The R C for P and J

breakfastinthesecuritybuilding This is breakfast in the little coffee shop I pass every morning on my way down the granite hall and up marble-trimmed stairwell to the office.  While the rest of pre-Washington Washington was building everything EVERYTHING  out of old growth timber, Olympia’s fat cat Insurance executives decided they would sit finest European minerals on the shaky infill beneath downtown. (After much circling and pawing, of course)  Always a sucker for anachronisms, I’ve thought a lot about the heavy weight of the financial structure on a foundation of questionable premises these days.

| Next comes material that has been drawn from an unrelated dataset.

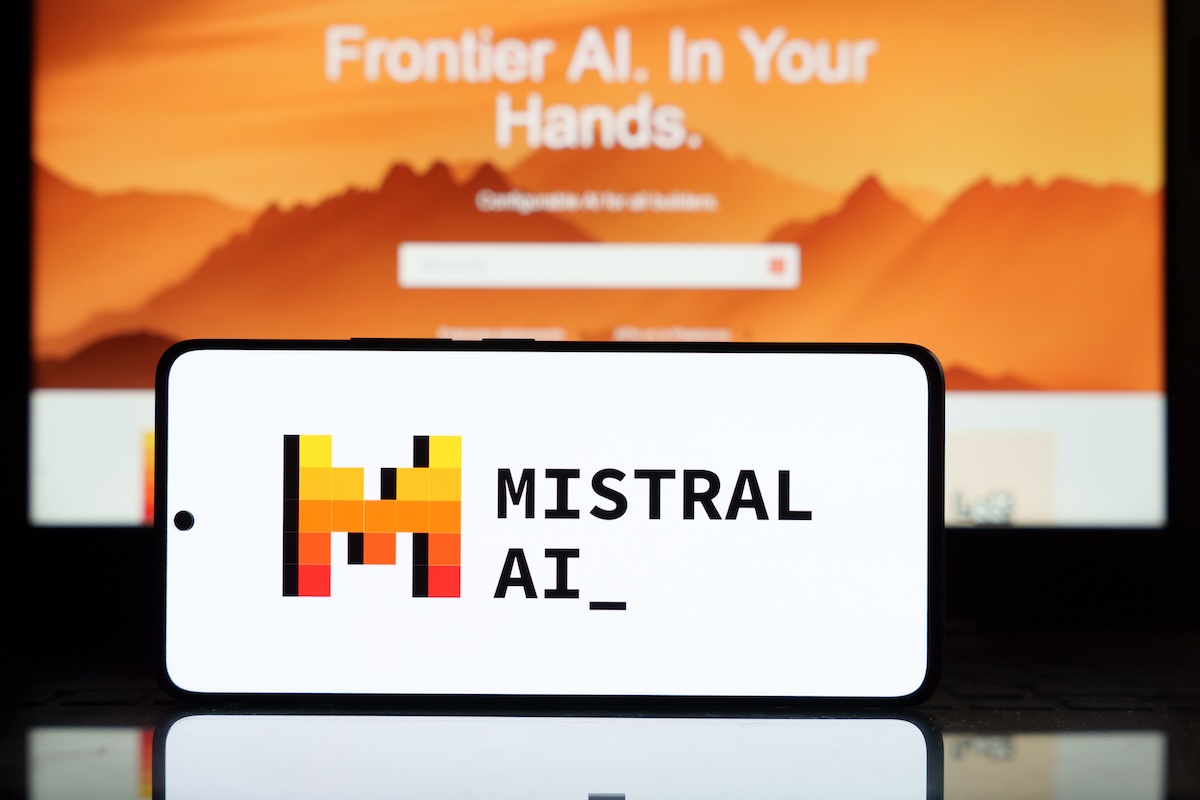 Julio 2025: Mistral AI lanza Voxtral y incorpora razonamiento avanzado en su asistente conversacional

But this building houses the future of my little slip of water for the time bein.  I’m working on the 3rd floor in the Rachel Corrie Foundation for Peace and Justice as the Operations Manager (Office manager, Project Manager, Budget and Financial Manager, Managing to Manage Manager).  It’s amazing work, an incredibly lucky and meaningful gig to land in tough economic times and so close to the work I’ve been doing lately.

Our board president and spiritual mother Cindy came back from her delegation to Gaza today.  She and her husband Craig, the parents of a 23 year old woman killed in 2003 by the Israeli Defense Forces while protecting a Palestinian home from a bulldozer, recently returned to the Gaza Strip and the site of Rachel’s death with a group of Americans on International Women’s Day.  As Cindy sat in our warm office today, my morning’s coffee still tickling my nerves and my full breakfast filling my belly, she told of the devastation, trauma and intense human tragedy she just witnessed.

Cindy is an incredibly kind person, always eager to see the good in people and loathe to speak ill of anyone.  As she unloaded some of the horrors laid at her feet, little girls who had witnessed bodies of policeman flying around, families suffering the indignity of 7 years of peeing with their bathroom doors open so the IDF soldiers occupying their house could monitor them, piles of rubble full of children’s shoes, I felt I had to acknowledge her hurt and devestation.  Perhaps we as outsiders are not meant to fully take on or understand the depth of suffering far away, but what if we are meant to try?